3)    Rebuilding Program - Phase 2 (Years 5 - 10). The objectives of Phase 2 shall be to increase the number and productivity of natural-origin spawners through a further reduction in harvest rates and continued implementation of the broodstock management strategies discussed above.


a.    Limit harvest rates on Willapa River natural-origin Chinook salmon to no more than 14% to accelerate the rebuilding program.


b.    Evaluate hatchery broodstock management actions for consistency with the objectives identified in 2(b), including the proportionate natural influence in the Willapa River and incorporation of natural-origin broodstock into the stepping stone program in the Naselle River.


4)    Rebuilding Program - Phase 3 (Years 11 – 21). The combination of fishery and harvest management actions is projected to result on average in the achievement of spawner goals for the North & Willapa populations in the years 16-21. Additional fishery and hatchery management actions will be considered during this time period if the progress toward the spawner objectives is inconsistent with expectations.


5)    Fishery Management Objectives. The fishery management objectives for fall Chinook salmon, in priority order, are to:


a.    Achieve spawner goals for the primary stocks of natural-origin Chinook and hatchery reform broodstock objectives through the three phase rebuilding program described above.

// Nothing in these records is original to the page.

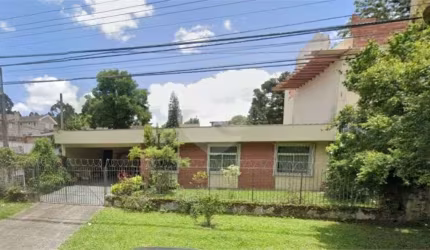 Casa com 4 quartos à venda em Bigorrilho - PR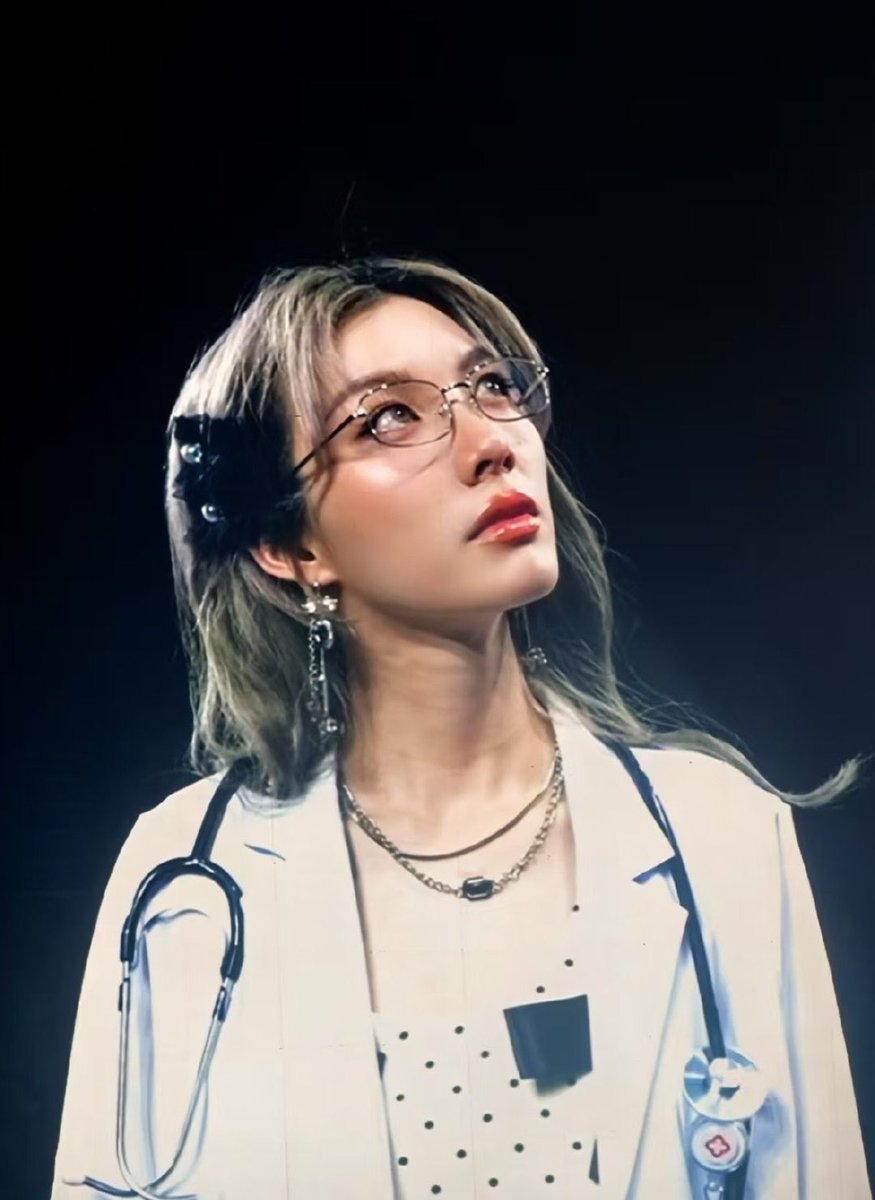 แล้วพวกเมะจะอยู่ยังไง ถ้าเคะสวยเสิร์ฟขนาดนี้ พี่หลิงสู้ๆน้าาา 😭😭😭😭😭😭😭

ORMORM CQ FANMEET 
#OrmFirstMeetInChongQing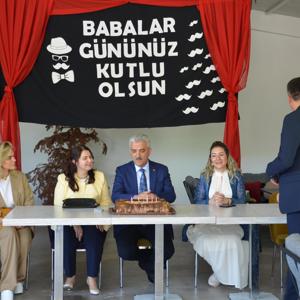 Kurban Bayramı ve Babalar Günü münasebetiyle Özel Bozdemir Bakım Merkezine ziyaret. - fotoğraf 1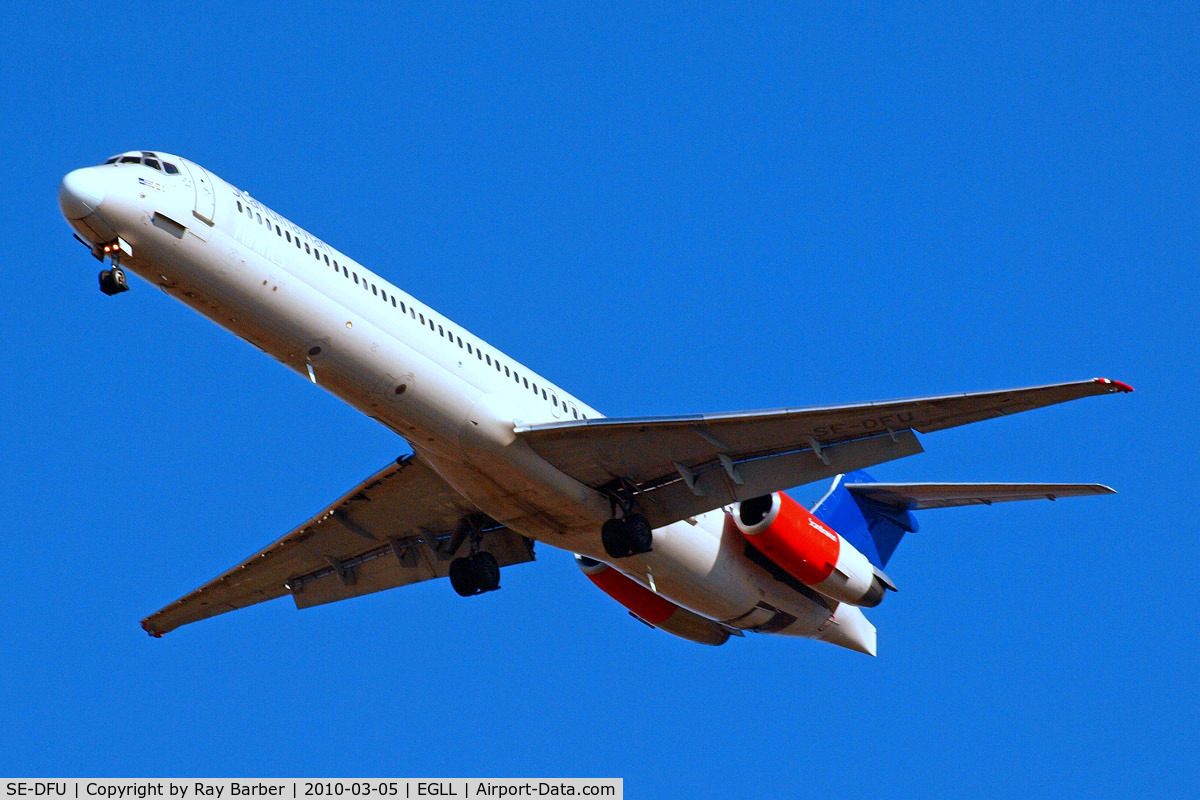 SE-DFU, 1986 McDonnell Douglas MD-83 (DC-9-83) C/N 49421, McDonnell-Douglas DC-9-82 [49421] (SAS Scandinavian Airlines) Home~G 05/03/2010. On approach 27R.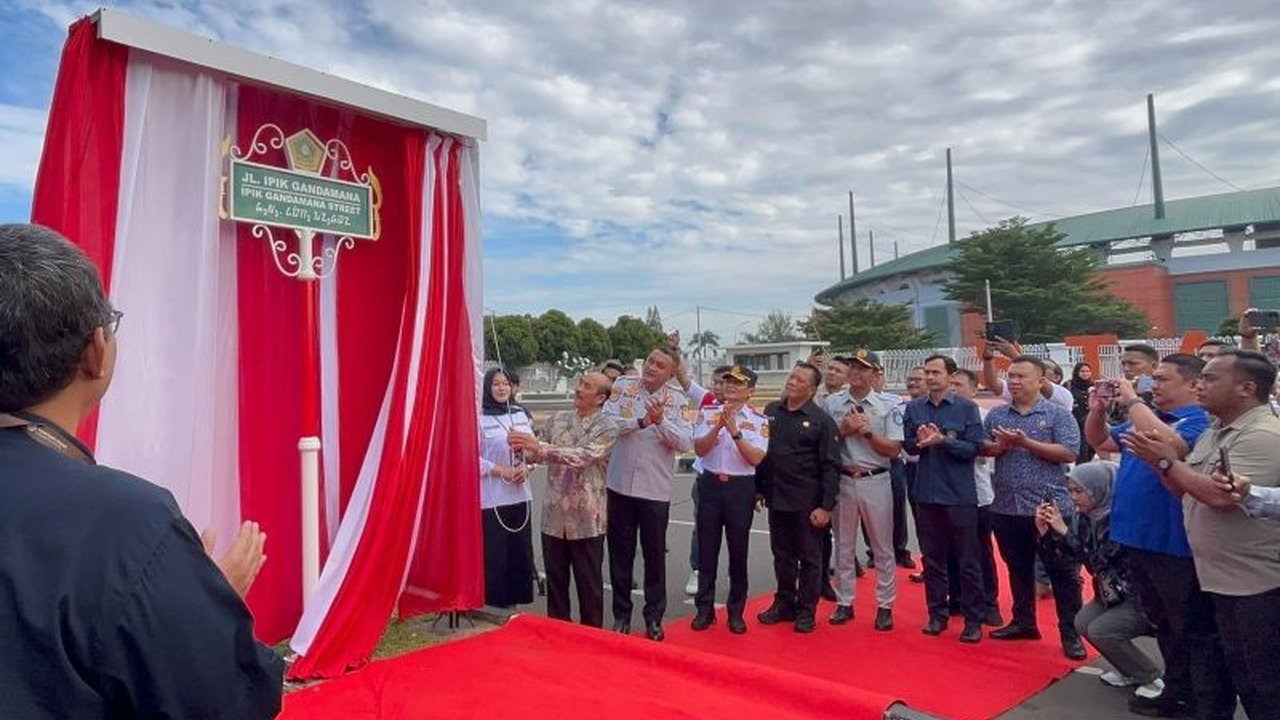 Jalan Ipik Gandamana: Bupati Bogor Abdikan Nama Bupati Pertama di Stadion Pakansari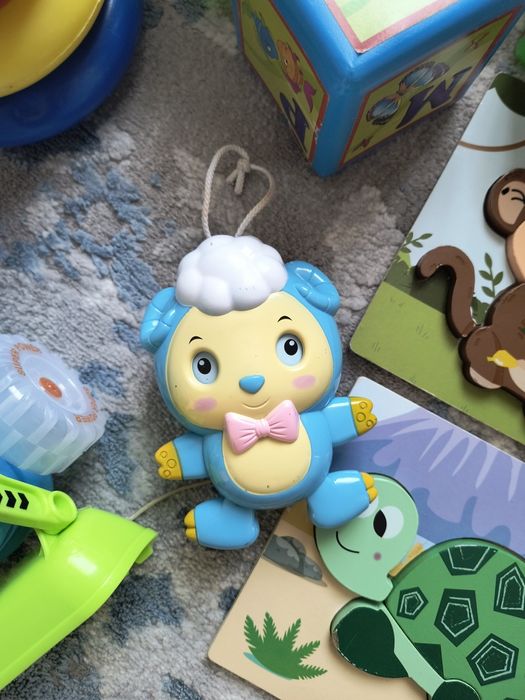 Іграшки лот пакет машинка піраміда кубики пазли дерев'яні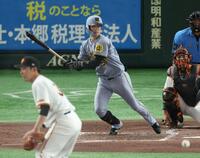 　４回、中前打を放つ中野（撮影・金田祐二）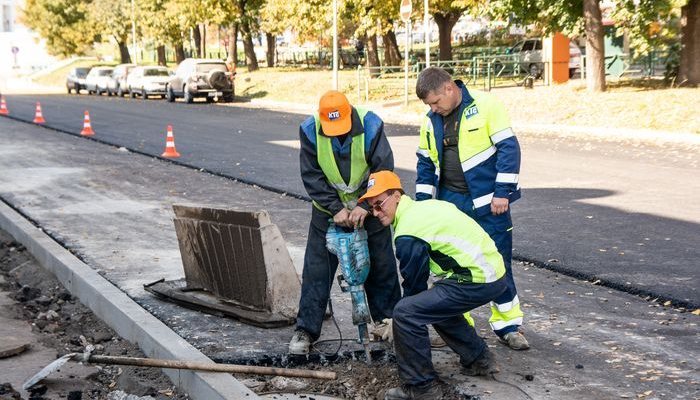 В Кирове начался ремонт улицы Дзержинского - самого масштабного дорожного участка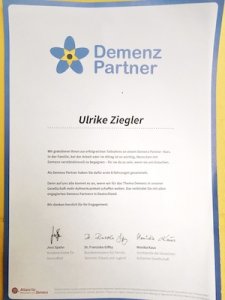 Dieses Zertifikat weist mich als Demenz Partner aus. Foto: Ulrike Ziegler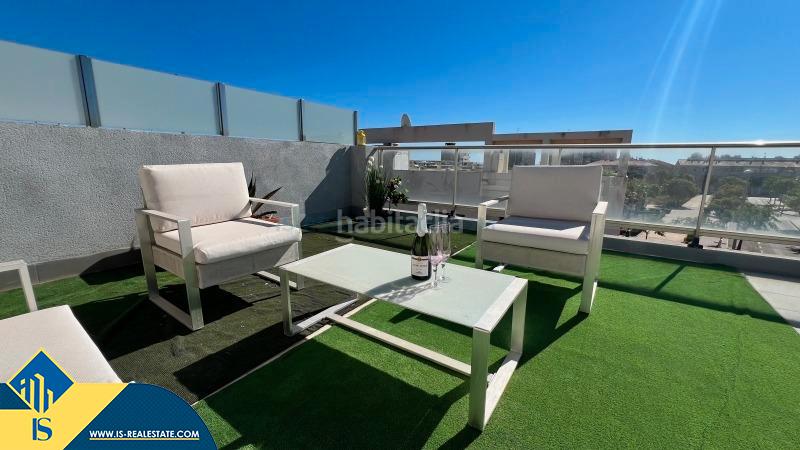 Foto d3bae92b-288c-4b14-92df-9875aca12393. Casa con parcheggio in Pueblo Latino Pilar de la Horadada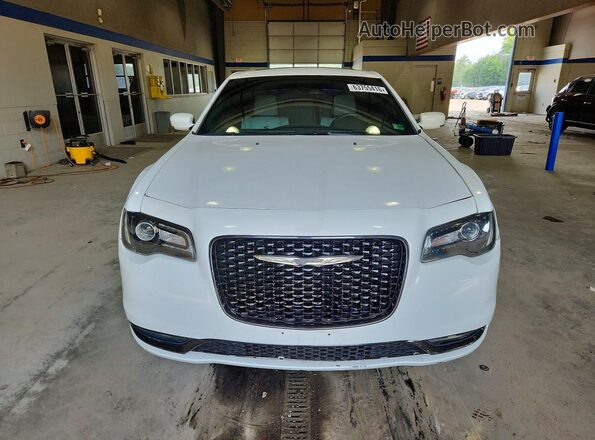 2C3CCAGG0HH582660 2017 CHRYSLER 300 White წინა ხედი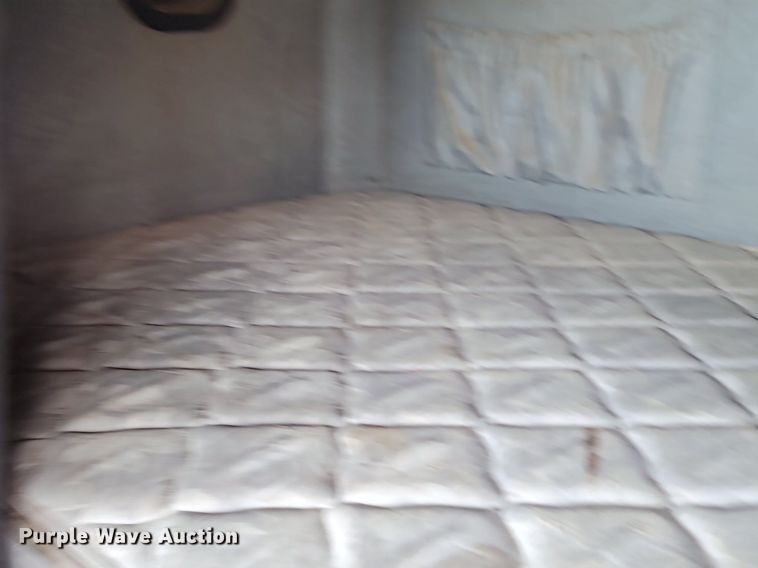 image for item OD9602 2012 Mack CXU613 semi truck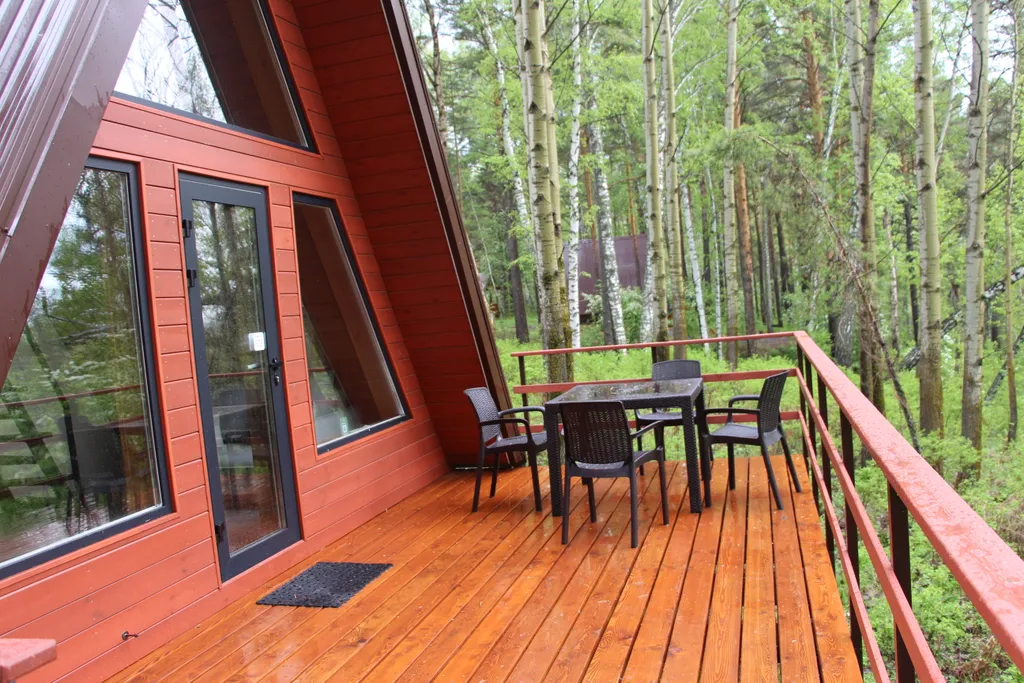 Уютный домик Красный A-Frame с террасой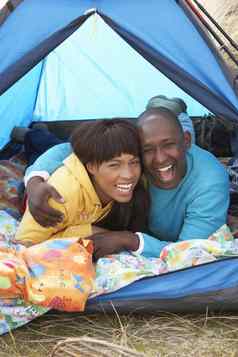 年轻的夫妇放松内部帐篷野营假期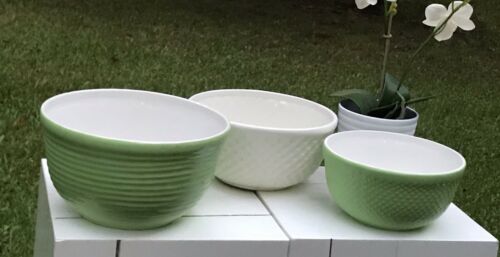 Very Cute Vintage Ceramic Mixing Bowls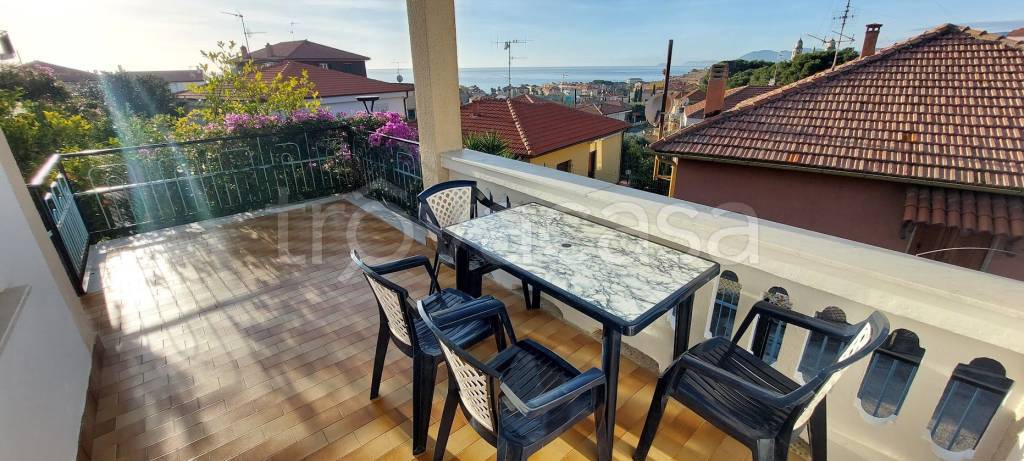 casa indipendente in vendita a Borgio Verezzi in zona Borgio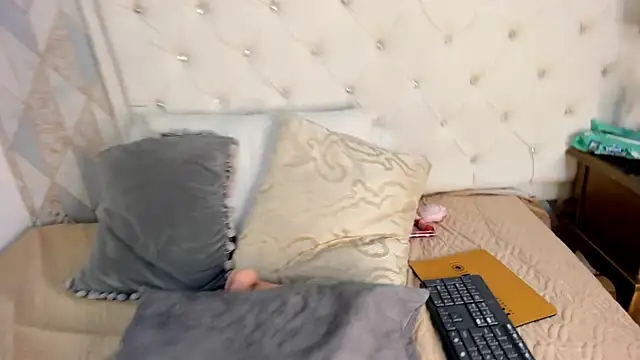 ambar_watsson's cam snapshot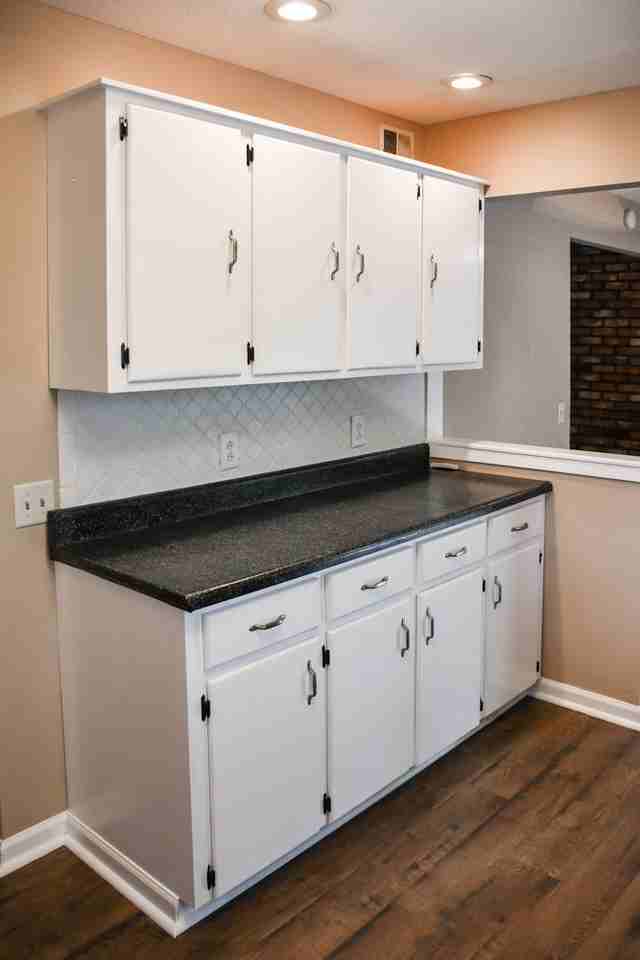 1609 Southwest 20 Street - Photo 2 of 21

b.    Provide for a full recreational fishing season. The impact rate of the recreational fishery is anticipated to be ~3.2% during the initial years of the policy, but may increase in subsequent years to provide for a full recreational season as described below:


·         A full marine recreational season means that Willapa Bay will be open concurrent with Area 2, two rods will be allowed per angler, a daily bag limit of six fish, with release of unclipped Chinook salmon.


·         A full freshwater recreational season means an opening on August 1 in the Willapa, Nemah, and Naselle rivers, two rods will be allowed per angler, a daily bag limit of four fish, with release of unclipped Chinook salmon.


·         Conservation actions, as necessary, shall be shared equally between marine and freshwater fisheries.




c.    Provide opportunities for commercial fisheries within the remaining available fishery impacts.


6)    Fishery Management in Phase 1. To facilitate a transition to the Willapa River as the primary Chinook salmon population, fisheries during the transition period will be managed with the following intent:


a.    The impact rate on Willapa River natural-origin fall Chinook in Willapa Bay fisheries shall not exceed 20%. Within this impact rate cap, the priority shall be to maintain a full season of recreational fisheries for Chinook salmon in the Willapa Bay Basin


b.    No commercial Chinook fisheries shall occur in areas 2T and 2U prior to Labor Day. Commercial fisheries in areas 2T and 2U after Labor Day but before Sept. 16 shall use mark-selective fishing gear (6.5” maximum mesh in 2T and 4.5” maximum mesh tangle net in 2U) and recovery boxes.


c.    No commercial Chinook fisheries shall occur in areas 2M, 2N, 2P and 2R prior to August 16.


7)    Fishery Management After Phase 1. Fisheries in the Willapa Bay Basin during the Chinook salmon management period (prior to September 16) will be managed with the intent of:


a.    Limiting the fishery impact rate on Willapa River natural-origin fall Chinook salmon to no more than 14%.


b.    No commercial fisheries shall occur within areas 2T and 2U prior to September. 16.


c.    No commercial Chinook fisheries shall occur in areas 2M, 2N, 2P and 2R prior to August 16.


8)    Hatchery Production. Within budgetary constraints, and at the earliest feasible date, the Department shall seek to implement the following hatchery production of fall Chinook salmon:


·         3.30 million at Naselle Hatchery

i.    300,000 highly integrated

ii.    3 million from first generation returns of highly integrated stock

·         3.30 million at Nemah Hatchery

·         0.35 million at Forks Creek Hatchery


9)    Enhanced Hatchery Production. The Department shall work with our partners to secure



resources to increase production of fall Chinook salmon at Naselle Hatchery by an additional 2.7 million subyearlings.